The Pop-up Globe is temporary replica of the second Globe Theatre in Auckland hosting a season of Shakespeare’s plays.

Pop-Up Globe

Pop-Up Globe

This year it is 400 years since the death of William Shakespeare. The first Globe Theatre was built on the south bank of the River Thames in London in 1599 by the Lord Chamberlain’s Men (a company Shakespeare wrote many of his plays for). On June 29 1613, during a production of Henry VIII it burned down when the roof caught fire after a theatrical cannon misfired.

The second globe theatre was built a year later and stood until 1642 when all of London’s theatres were closed due to the English Civil War.

The Pop-Up Globe is a temporary full-scale replica of the second Globe Theatre, located in a carpark on Greys Ave, presenting a festival of Shakespeare plays during the months of February to April.

Pop-Up Globe

Pop-Up Globe

Pop-Up Globe

Pop-Up Globe

The three storey building includes Lord’s and Gentlemen’s rooms located on two levels directly behind the stage, and lower, middle and upper galleries with seating facing the stage.

The yard is where the most fun is to be had – the Groundlings are closest to the stage and get to interact with the actors, provided they don’t mind standing for the duration of the performance.

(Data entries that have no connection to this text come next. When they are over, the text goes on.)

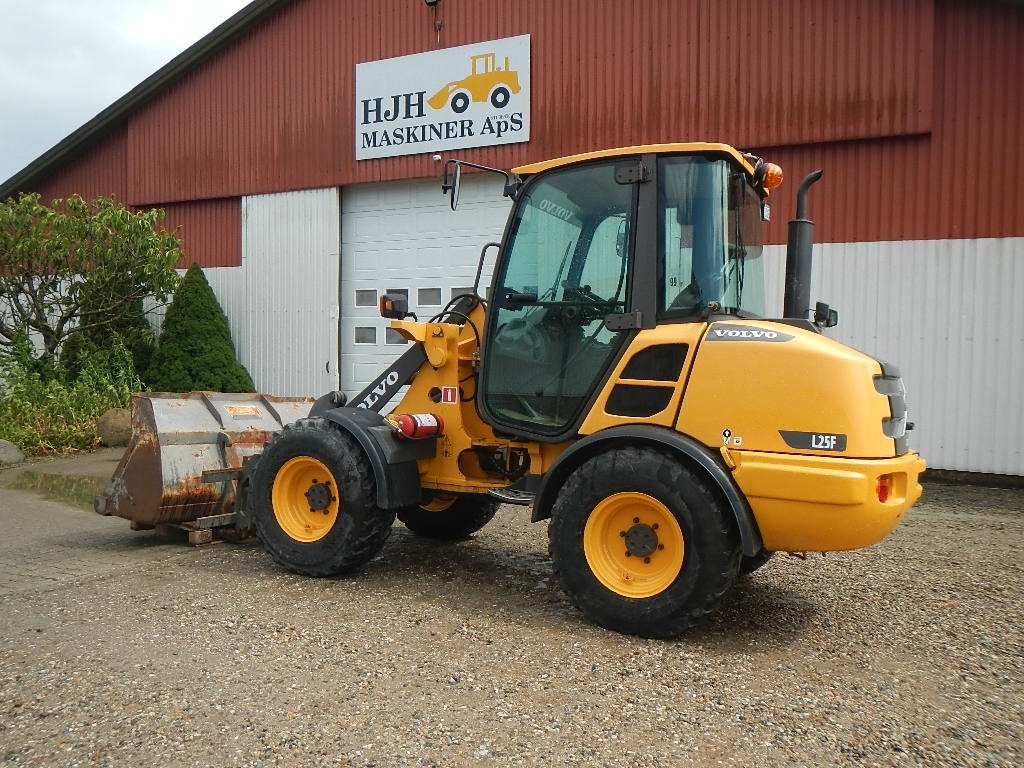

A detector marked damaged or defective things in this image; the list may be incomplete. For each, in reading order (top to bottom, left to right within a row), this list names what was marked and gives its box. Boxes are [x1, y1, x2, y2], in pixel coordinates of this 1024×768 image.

rusty metal bucket [96, 390, 312, 528] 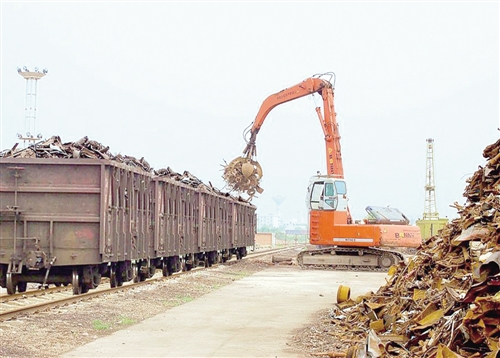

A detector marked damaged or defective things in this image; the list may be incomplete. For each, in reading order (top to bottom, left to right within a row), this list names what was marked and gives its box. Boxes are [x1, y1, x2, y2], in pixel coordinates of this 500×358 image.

rusty freight wagon [0, 158, 256, 296]
rusty scrap metal [322, 138, 500, 358] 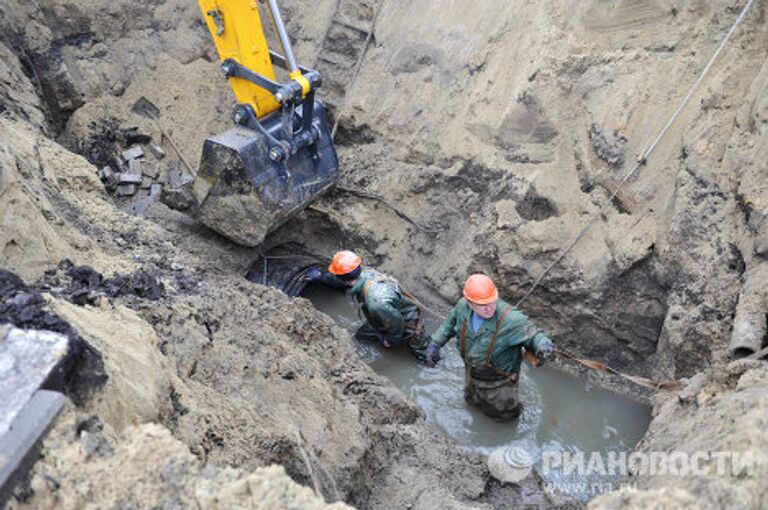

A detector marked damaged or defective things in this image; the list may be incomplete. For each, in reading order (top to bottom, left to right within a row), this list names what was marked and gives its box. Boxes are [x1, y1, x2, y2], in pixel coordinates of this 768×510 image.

broken concrete slab [121, 145, 144, 161] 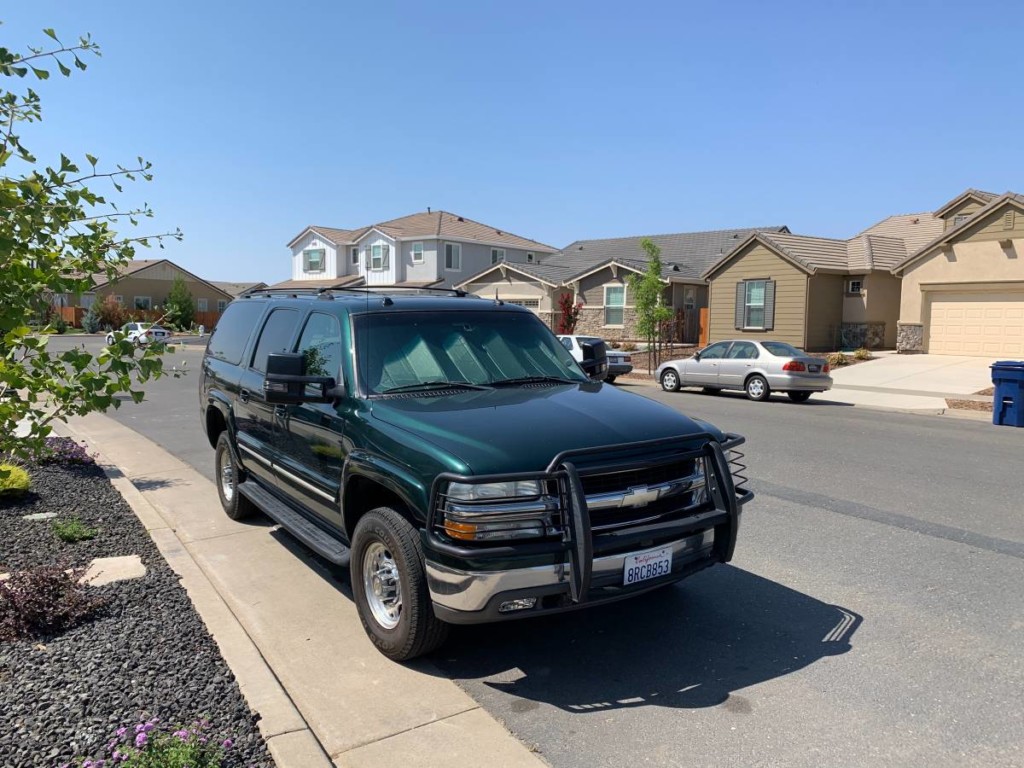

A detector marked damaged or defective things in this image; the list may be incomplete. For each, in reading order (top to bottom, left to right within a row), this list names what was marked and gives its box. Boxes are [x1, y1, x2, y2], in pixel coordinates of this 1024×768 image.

road crack seal line [753, 481, 1024, 561] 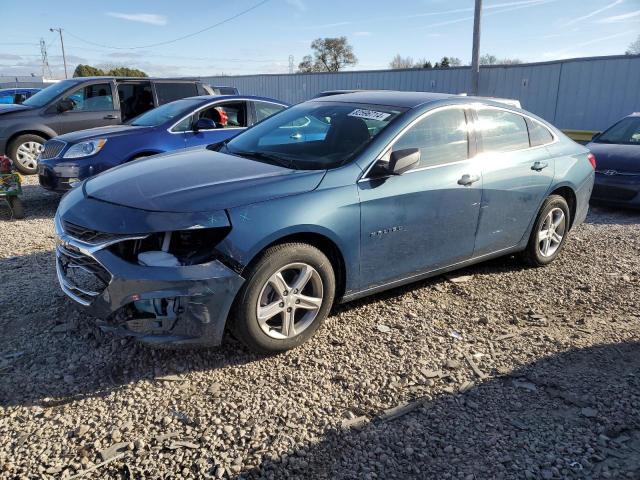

Over the weekend I saw the Pop-Up Globe Theatre Company productions of Twelfth Night and Romeo & Juliet. Twelfth Night followed the tradition of Shakespearean times with male members of the company playing the female roles. Christel Chapman (Juliet), Miriama McDowell (Lady Capulet) and Carmel McGlone (Lady Montague / Nurse) joined the company for Romeo & Juliet.

Cast of Twelfth Night

Cast of Twelfth Night

Christel Chapman (Juliet), Carmel McGlone (Nurse), Jonathan Tynan-Moss (Romeo)

Christel Chapman (Juliet), Carmel McGlone (Nurse), Jonathan Tynan-Moss (Romeo)

I also saw the AUSA Outdoor Summer Shakespeare production of The Tempest with Lisa Harrow, who has performed with the Royal Shakespeare Company, as Prospero.

Last night I saw an all female version of Henry V.

Other productions during the season include an all female version of Hamlet, the Young Auckland Shakespeare Company’s production of Much Adoe About NothingTitus a contemporary reworking of Titus Andronicus with seven young male actors and Antony & Cleopatra.

One Tree Hill

One Tree Hill known in Māori as Māungakiekie at 182 metres (597 ft) is Auckland’s largest intact volcanic cone, behind Rangitoto, and offers 360 degree views of Auckland.

One Tree Hill

One Tree Hill

Despite its name there is no longer a tree on top of the hill. The 125 year-old Monterey pine was removed in 2000 after being attacked by activists with chainsaws on two separate occasions. The stump of the tree remains and there are plans next year to plant a grove of trees on the summit.

Māungakiekie has significance to the Māori people as it was the largest Māori pa site in the pre-European 18th century.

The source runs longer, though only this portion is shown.